Two consecutive victories for the first time this season: Erik ten Hag is engineering the U-turn Manchester United require. But to have as many wins – four – as defeats shows the work still to do for the manager.
The holders of the League Cup had not gone out in the third round since Swansea were beaten in September 2013. So after winning at Burnley on Saturday a loss to this much-changed Crystal Palace would have revived the torrent of analysis aimed at Ten Hag before facing the same opposition here in Saturday’s league meeting.
This did not occur. Instead, United performed with a swagger that will please the manager as much as André Onana’s alertness when he was finally called upon to do what he is paid for: make a save – the Cameroonian sharply using a leg to repel Jean-Philippe Mateta’s effort.
This was Palace’s opening shot on target and came in the 69th minute, underlining just how dominant their host was.
From early on, the possession style Ten Hag wishes to play was in evidence as United fanned out in Palace’s half and tapped the ball about, forcing their opponents to give chase.
A Mason Mount flick to Casemiro had the Brazilian drilling a pass into space for Anthony Martial but the striker’s anticipation failed him. Then Harry Maguire, in his first start this term, displayed plenty of quality when cutting out a dangerous Jeffrey Schlupp cross as it fizzed across United’s area.
Ten Hag configured his players in a nominal 4-2-3-1 that switched to 4-1-4-1 in attack – Mount becoming the extra advanced operator. The manager made seven changes from the win at Burnley yet still had an XI that featured Sofyan Amrabat (on full debut), Alejandro Garnacho, Mount and Onana. Roy Hodgson’s shuffle of his Palace pack came up with eight new names. Two of the biggest – Eberechi Eze and Marc Guéhi – were on the bench in what seemed a quasi-white flag move from the manager regarding progress in the competition.
After 18 minutes the United old boy, Dean Henderson, had to be replaced by Sam Johnstone, after the goalkeeper appeared to injure himself taking a long kick down field.

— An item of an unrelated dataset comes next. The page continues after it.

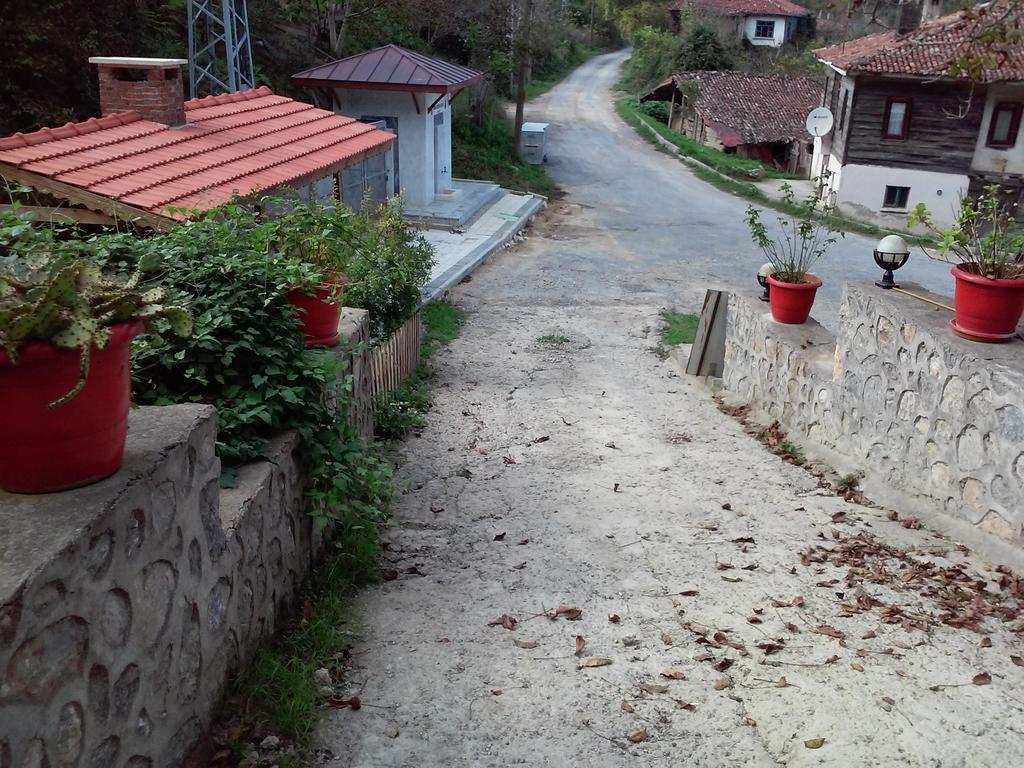 Ekoland Hotel Ağva Zewnętrze zdjęcie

Johnstone’s first act was to concede and it was simple for United: Mount dropped the ball to Facundo Pellistri on the right, the winger rolled it inside for Diogo Dalot and his buccaneering run allowed him to spin a cross over the turf where Garnacho slid in, firing a shot to Johnstone’s left.

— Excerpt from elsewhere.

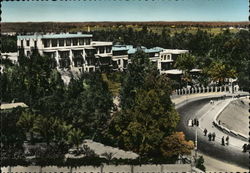 Mena House Hotel Postcard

Alejandro Garnacho fires a shot past the Crystal Palace defender Nathaniel Clyne to put Manchester United ahead. Photograph: Dave Thompson/AP
Fast forward a minute and the newly arrived keeper was beating out a fierce Dalot shot as United looked to kill off Palace as soon as possible. Next Pellistri, played in by Garnacho, pulled the trigger at close range and only a desperate Chris Richards– via a hook of a leg – thwarted him.
A corner was the result and United doubled their lead. Mount swung it in from the right and Casemiro – as he has a penchant for doing – rose and headed home. By half-time United were playing a back-three at times, Casemiro reversing to become the middle defender and Amrabat taking up his place. This, in microcosm, showed their confidence and control.

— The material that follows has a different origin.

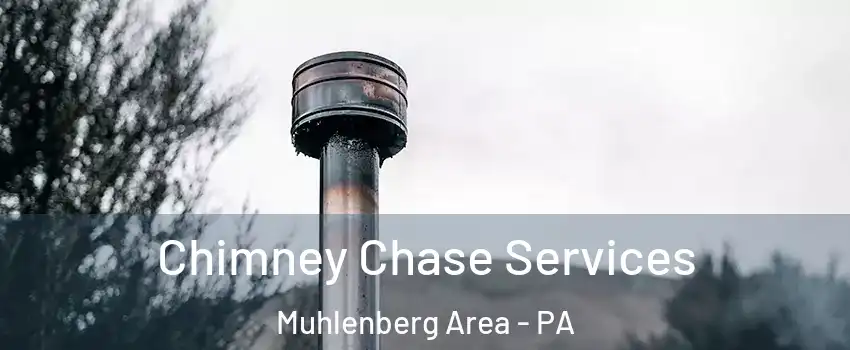 Chimney Chase Services Muhlenberg Area - PA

Before the second half Mount was removed by Ten Hag for Victor Lindelöf, the Swede deployed as an inverted centre-back. He launched one surging run that swept him deep into Palace territory, swapped passes with Martial, but the return ball from the French forward went awry.
In a snapshot of how Ten Hag will deploy Amrabat when possible, the Moroccan was placed alongside Casemiro in a midfield fulcrum that oozed poise and craft. United’s third goal contained each of these and starred the former Real Madrid man. From an inside-right berth, Casemiro spiralled a classic schemer’s lob to the back post for the predatory Martial to fire the ball past Johnstone with a swish of his left boot.
Tie over and the cup defence up and running for Ten Hag’s team who had earned the right to strut about their famous home as they now did.
When Hannibal Mejbri was taken off Ten Hag threw a dazzling smile at the 20-year-old who had been excellent in an advanced role. Martial received the same reception when making way for Rasmus Højlund: it was this type of night for United.